Examples–Displaying NFS Server and Client Statistics
The following example displays RPC and NFS data for the client pluto.
$ nfsstat -c
Client rpc:
Connection oriented:
calls badcalls badxids timeouts newcreds badverfs timers
1595799 1511 59 297 0 0 0
cantconn nomem interrupts
1198 0 7
Connectionless:
calls badcalls retrans badxids timeouts newcreds badverfs
80785 3135 25029 193 9543 0 0
timers nomem cantsend
17399 0 0
Client nfs:
calls badcalls clgets cltoomany
1640097 3112 1640097 0
Version 2: (46366 calls)
null getattr setattr root lookup readlink read
0 0% 6589 14% 2202 4% 0 0% 11506 24% 0 0% 7654 16%
wrcache write create remove rename link symlink
0 0% 13297 28% 1081 2% 0 0% 0 0% 0 0% 0 0%
mkdir rmdir readdir statfs
24 0% 0 0% 906 1% 3107 6%
Version 3: (1585571 calls)
null getattr setattr lookup access readlink read
0 0% 508406 32% 10209 0% 263441 16% 400845 25% 3065 0% 117959 7%
write create mkdir symlink mknod remove rmdir
69201 4% 7615 0% 42 0% 16 0% 0 0% 7875 0% 51 0%
rename link readdir readdir+ fsstat fsinfo pathconf
929 0% 597 0% 3986 0% 185145 11% 942 0% 300 0% 583 0%
commit
4364 0%
Client nfs_acl:
Version 2: (3105 calls)
null getacl setacl getattr access
0 0% 0 0% 0 0% 3105 100% 0 0%
Version 3: (5055 calls)
null getacl setacl
0 0% 5055 100% 0 0%
The output of the nfsstat -c command is described in Table 30-4.

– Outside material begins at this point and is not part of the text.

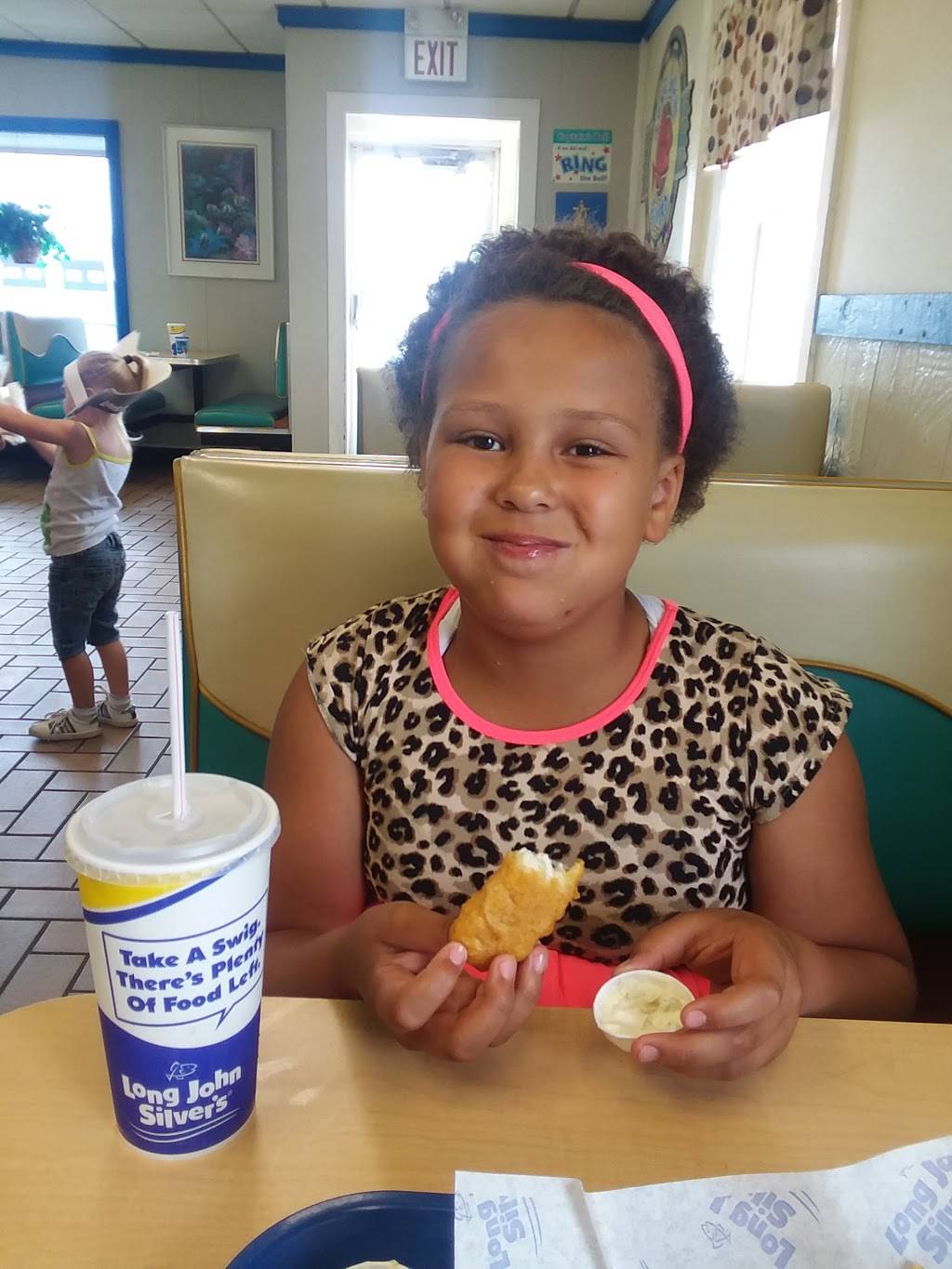 Long John Silvers | restaurant | 230 S Elm St, Washington Ct Hs, OH 43160, USA | 7403357411 OR +1 740-335-7411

Table 30-4 Output From the nfsstat -c Command
Field |
Description |
calls |
The total number of
calls that were sent. |
badcalls |
The total number of calls that were rejected by
RPC. |
retrans |
The total number of retransmissions. For this client, the number of retransmissions is
less than 1 percent, or approximately 10 timeouts out of 6888 calls. These
retransmissions might be caused by temporary failures. Higher rates might indicate a problem. |
badxid |
The
number of times that a duplicate acknowledgment was received for a single NFS
request. |
timeout |
The number of calls that timed out. |
wait |
The number of times a
call had to wait because no client handle was available. |
newcred |
The number of
times the authentication information had to be refreshed. |
timers |
The number of times the
time-out value was greater than or equal to the specified time-out value for
a call. |
readlink |
The number of times a read was made to a symbolic
link. If this number is high, at over 10 percent, then there could
be too many symbolic links. |
The following example shows output from the nfsstat -m command.
pluto$ nfsstat -m
/usr/man from pluto:/export/svr4/man
Flags: vers=2,proto=udp,auth=unix,hard,intr,dynamic,
rsize=8192, wsize=8192,retrans=5
Lookups: srtt=13 (32ms), dev=10 (50ms), cur=6 (120ms)
All: srtt=13 (32ms), dev=10 (50ms), cur=6 (120ms)
This output of the nfsstat -m command, which is displayed in milliseconds, is described
in Table 30-5.
Table 30-5 Output From the nfsstat -m Command
Field |
Description |
srtt |
The smoothed average of the round-trip times |
dev |
The average deviations |
cur |
The current
“expected” response time |
If you suspect that the hardware components of your network are creating problems,
you need to look closely at the cabling and connectors.